Medical Interventions and Engineering comes together for Cancer treatment project

Emma-Rose Floyd, News Editor

The medical interventions class collaborated with the engineering classes to design a nanoscale treatment for a cancer of their choice. The two classes, taught by John Schocken and Anne Goshorn, came together last week for the assignment.
“It’s very difficult to pick and choose your battles when it comes to cancer treatment,” junior Grace Massamillo said. “So many of them do not discriminate between cancerous and healthy cells and therefore can be detrimental to the body.”

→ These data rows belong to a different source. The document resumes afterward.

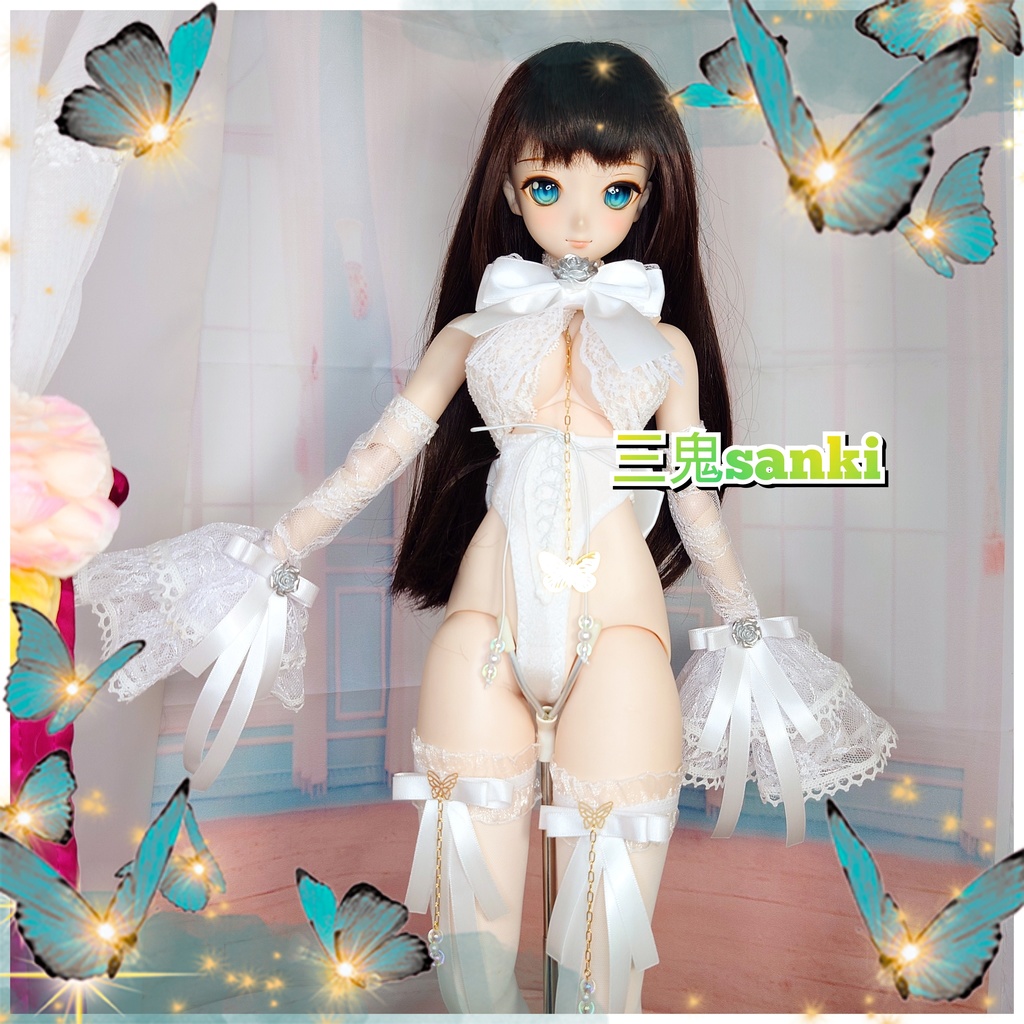 『Honey♥Trap~魔女の宴3~』(白)DD/DDS(SS~DDdy胸用)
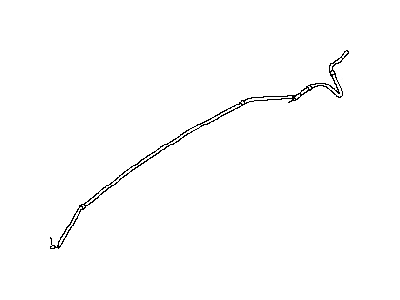 Infiniti 28936-3JA0A Connector Hose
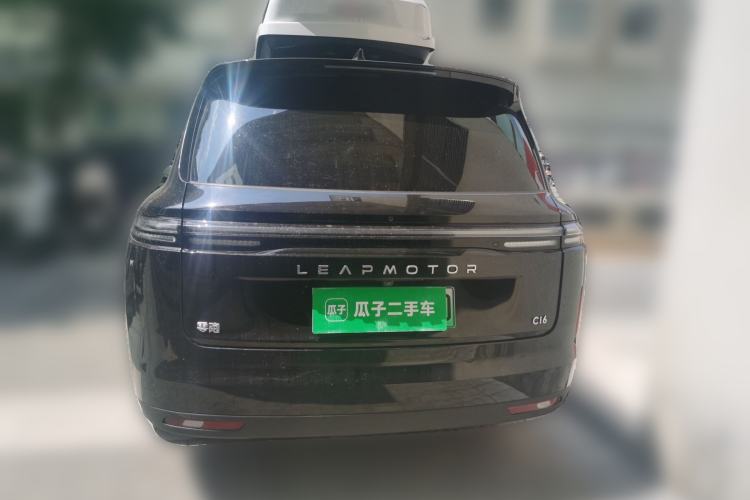 Used Leapmotor C16 2026 Extended-Range 280 LiDAR Zhizun Edition 5 Seats
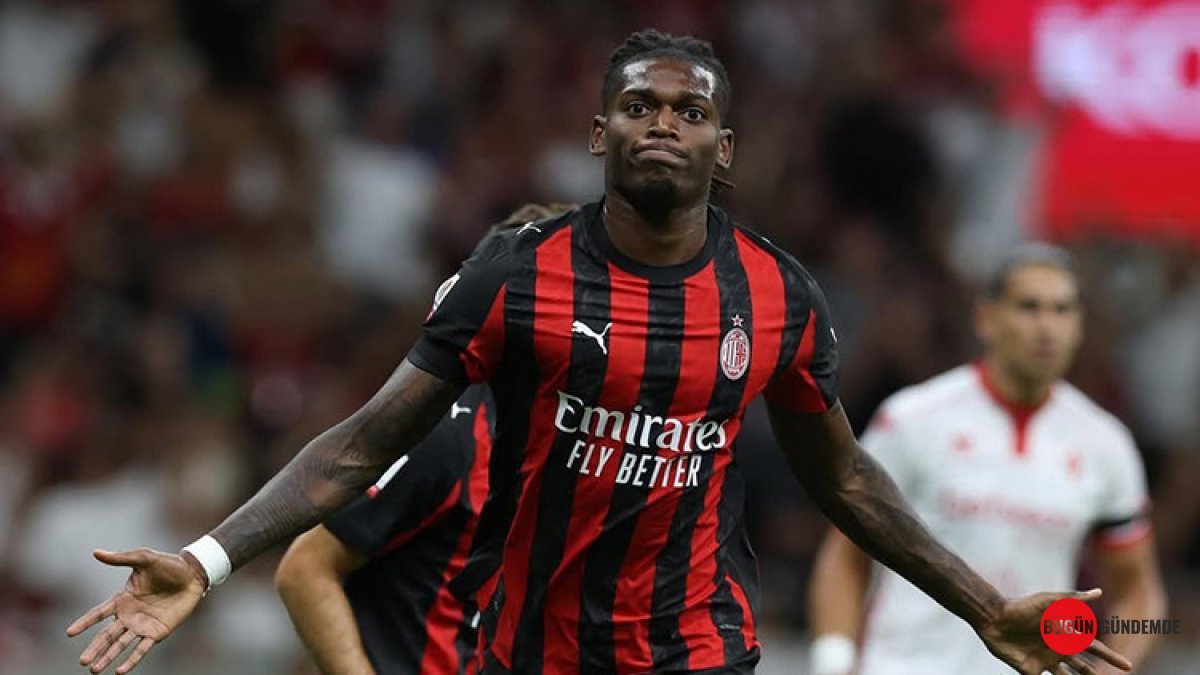 Milan'ın Yıldızı San Siro'dan Ayrılıyor mu? Galatasaray'dan Nefes Kesen Teklif!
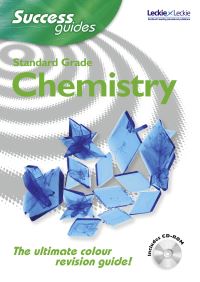 Book Cover for Standard Grade Chemistry by Archie Gibb, Emma Poole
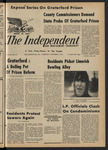 The Independent and Montgomery Transcript, V. 98, Tuesday, October 3, 1972, [Number: 19]
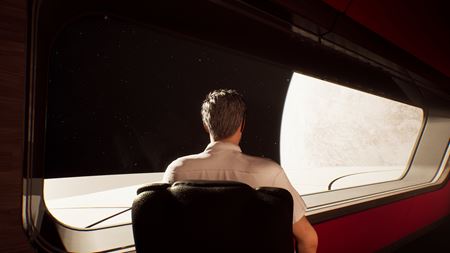 Starship simulator vás vtiahne na palubu vesmírnej lode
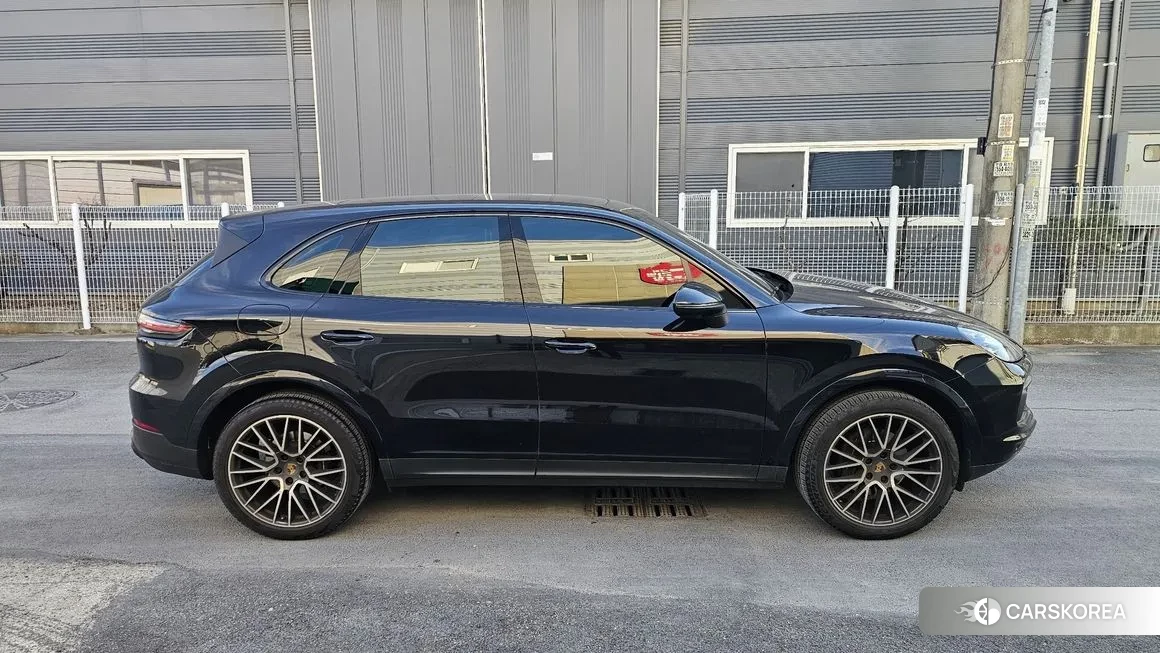Porsche Cayenne (PO536) id 1757847 из Кореи 14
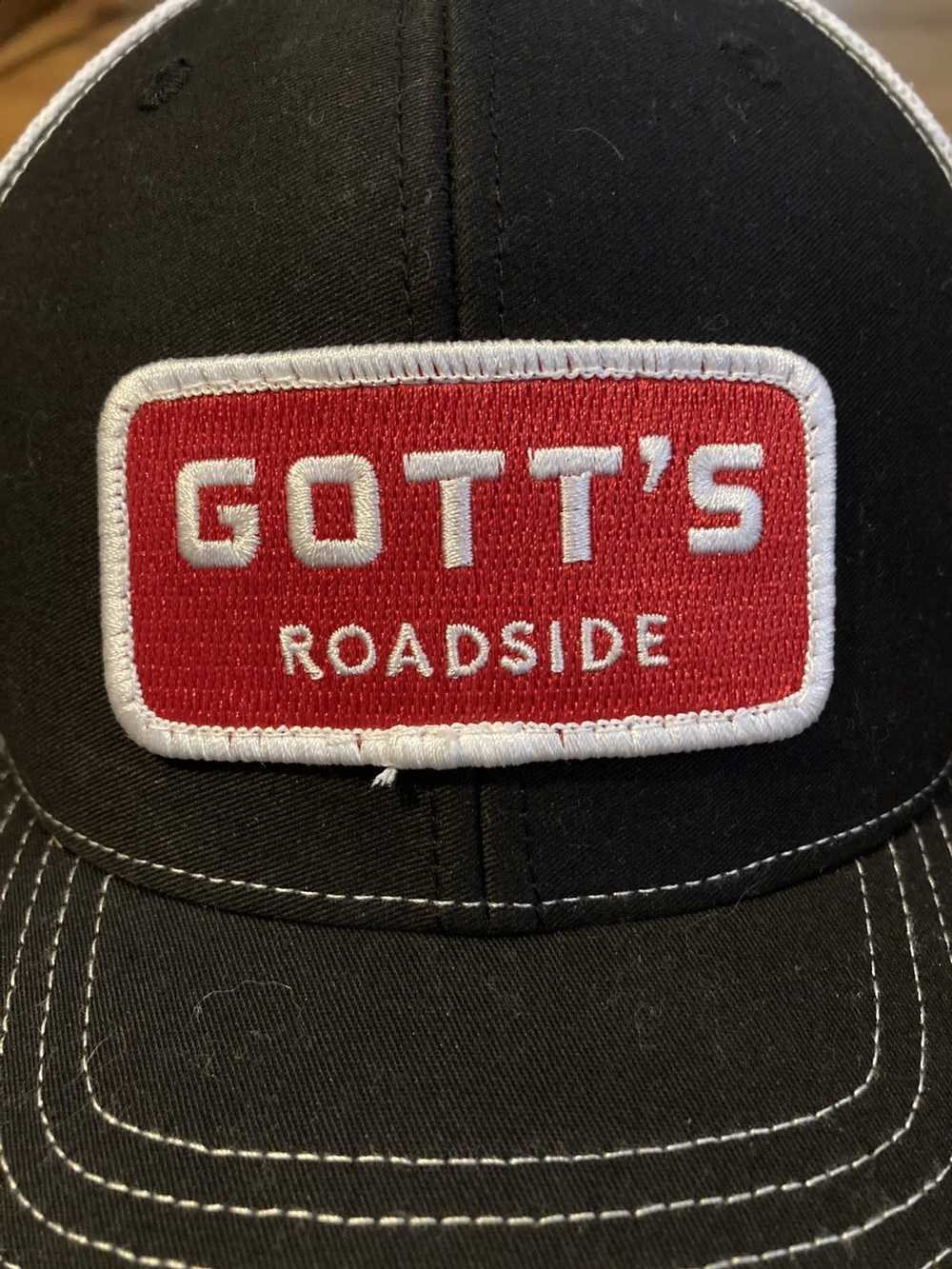 Snap Back × Streetwear × Trucker Hat Gott’s Roads… - image 2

For the project, the med students acted t as clients for the engineering students, who created a nanorobot or a nanoparticle based off of the med students needs. A nanorobot is a small machine that is able to perform specific acts meticulously at nanoscale dimensions. The nanorobot moves nanoparticles, or particles no larger than 100 nanometers. Medical interventions pitched their designs for the nanorobots to engineering students that will create them.
“It’s a lot of complex and convoluted information,” Massamillo said. “But it’s very interesting and fun to learn about and try to conceive at our level.”
The students are worked in different groups and presented the design to the engineering students on March 22. A 3D printer will be used by med students for their presentation to the class with the help of Mr. Weidenmier. Students in Goshorn’s Engineering Design & Development class have taken three years of engineering courses learning how to create 3D models of their ideas and apply engineering principles to solve a problem.
Massamillo’s group chose to try to tackle a very aggressive and malignant type of brain tumor known as a primary grade IV astrocytoma. After the surgical procedure done to remove the bulk of the tumor, the group would theoretically use the nanoparticle they designed to treat any metastasized cells and remainders of the tumor.
Schocken first saw the idea for the project at a teacher training and decided to ask Goshorn about doing it with her classes. According to Schocken, the project puts engineers in the real-world position of needing to make something specific to solve the needs of a client. The assignment give the med students a chance to teach biology to the engineers and the engineers can inform the med students about their process, limitations, and suggestions.
“Seeing this project come to life is exciting, and I feel it is working, overall, very well,” Schocken said. “It requires the students to work together and think critically about cancer treatments and detection. They get to see that the battle against cancer is one that requires teamwork, knowledge, creativity, and is both challenging and rewarding.”